Also, whether this training would achieve the desired safety improvements; can we ever be sure that training aimed to improve human performance will always result in improved performance during challenging events?

I would argue that the industry is max-out, no more training time / money. Improvements have to come from within – less checking as per Airbus; more learning, but what and how. A premise of learning is first learned, best remembered, thus initial type rating training for understanding may be of greater value than recurrent checking. However, more time during recurrent training on generic awareness and decision making could have even greater learning value (generating experience), particularly if supported with everyday refreshment – debriefing.
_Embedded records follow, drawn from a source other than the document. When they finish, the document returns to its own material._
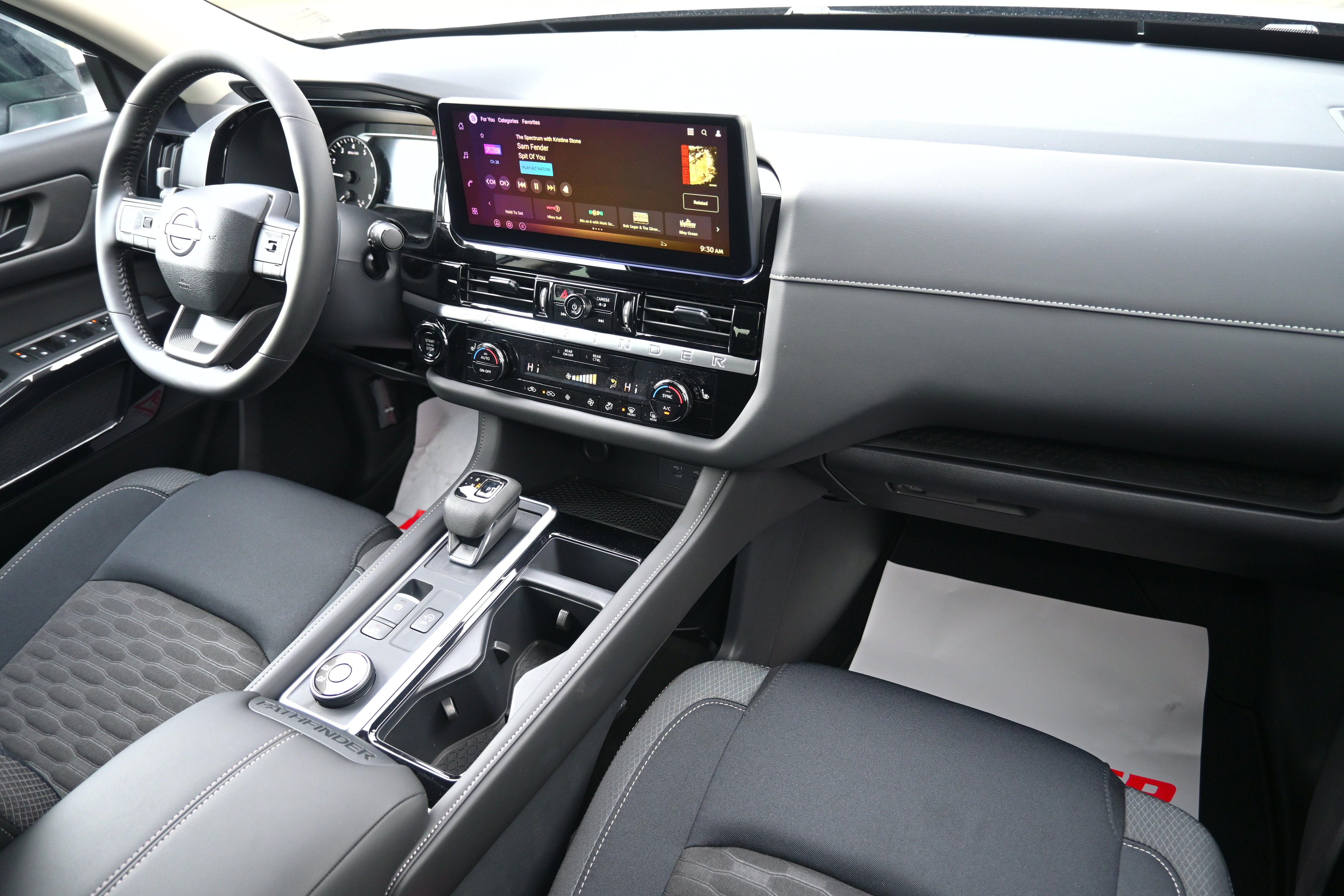 2026 Nissan Pathfinder SV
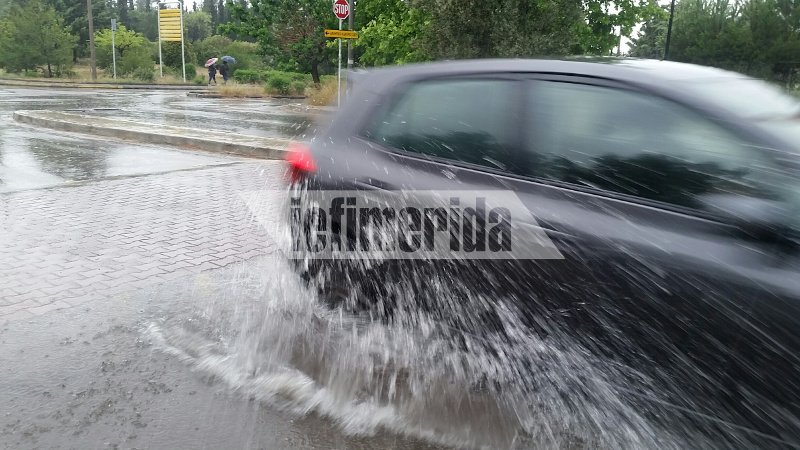 Μποτιλιάρισμα χωρίς τέλος σε Κατεχάκη και Αττική Οδό [εικόνες] | iefimerida.gr 4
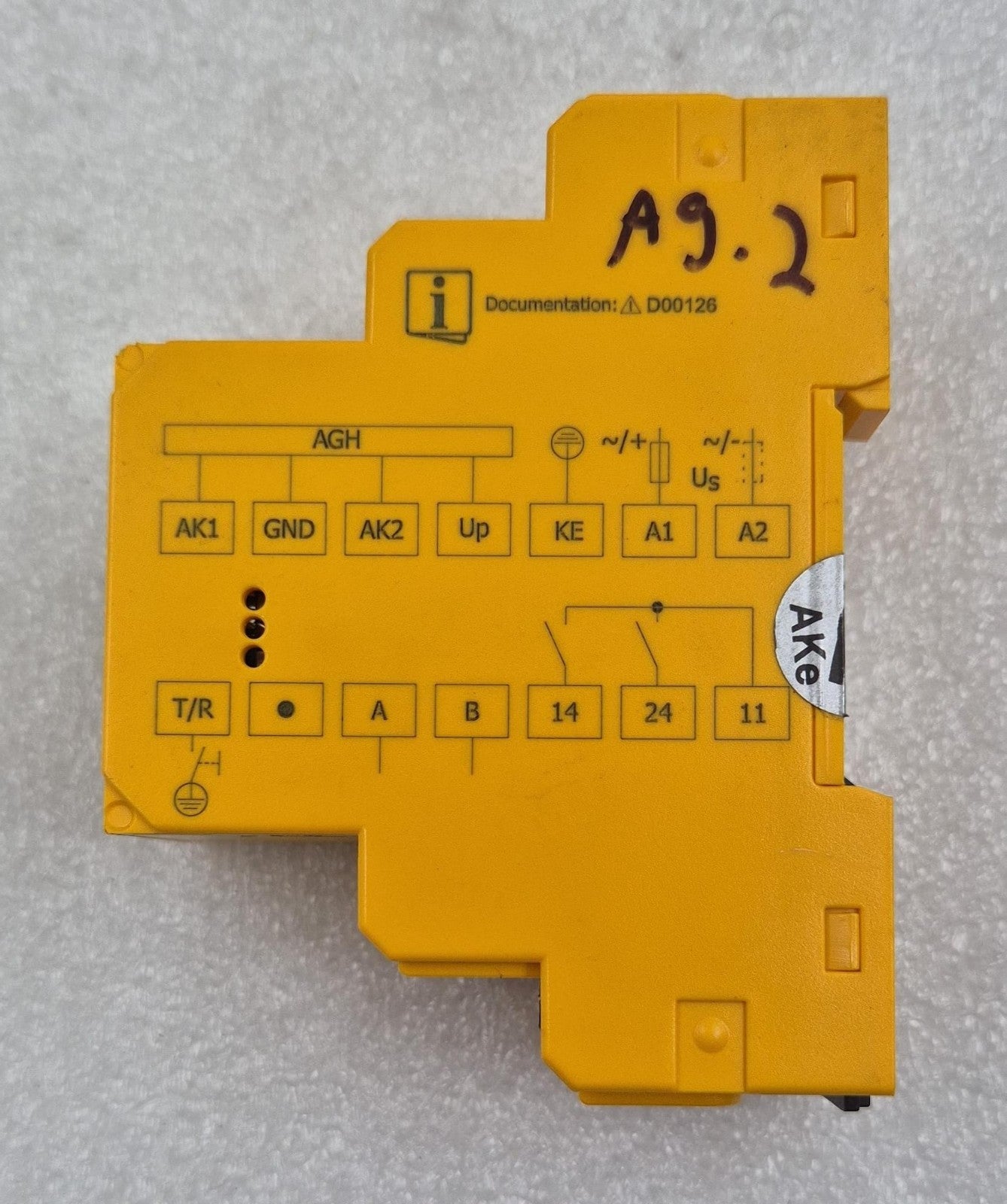 BENDER isoEV425 ISOMETER isoEV425-D4-4 INSULATION MONITORING DEVICE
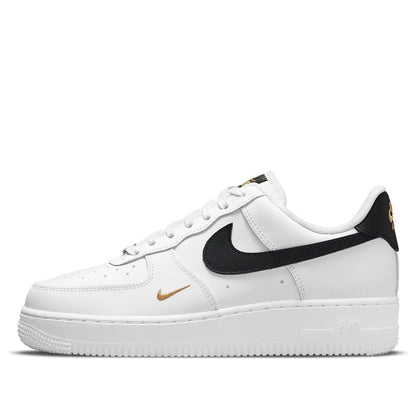 Nike Air Force 1 “07 Essential “White Black”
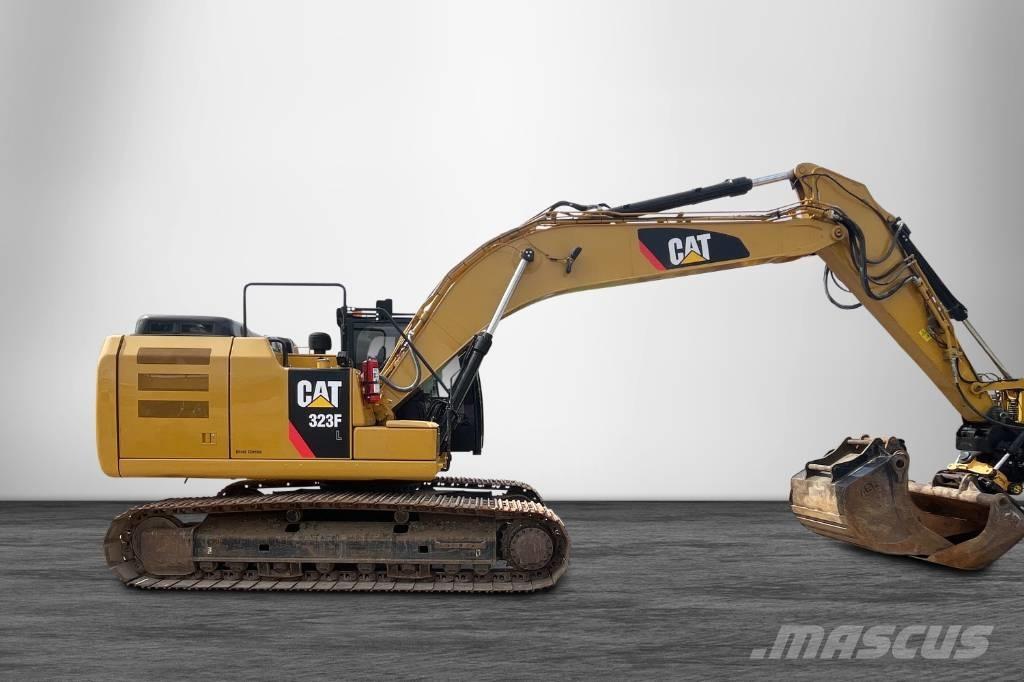 CAT 323 F Excavadoras sobre orugas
In a very safe industry rare events standout; yet each event differs. Similarities can be identified but often this depends on who looks and what is sought – agenda bias.
The initiating scenarios often involve the man-machine interface in normal operation opposed to the oft cited manual flight. All of which must be viewed against the complex backdrop of modern operations; man, machine, environment.

Projecting accidents back from result to identify a cause can easily focus on the last activity – manual flight (hindsight bias); however viewing a range of ‘most likely’ initiating situations which lead to a result might identify contributions including man-machine interface in normal operations – awareness and decision making. In this there is little or no association with manual flight until the event has developed, thus for these rare and demanding events avoidance must be the priority; avoidance requires understanding.
Recent accidents also have indications of systematic failure, where all levels of the industry contribute, more often with latent factors, which when these come together present situations which pilots have not been, nor can be trained for.
For this the industry needs to consider alternative paths to improvement or at least maintaining safety levels, not just training.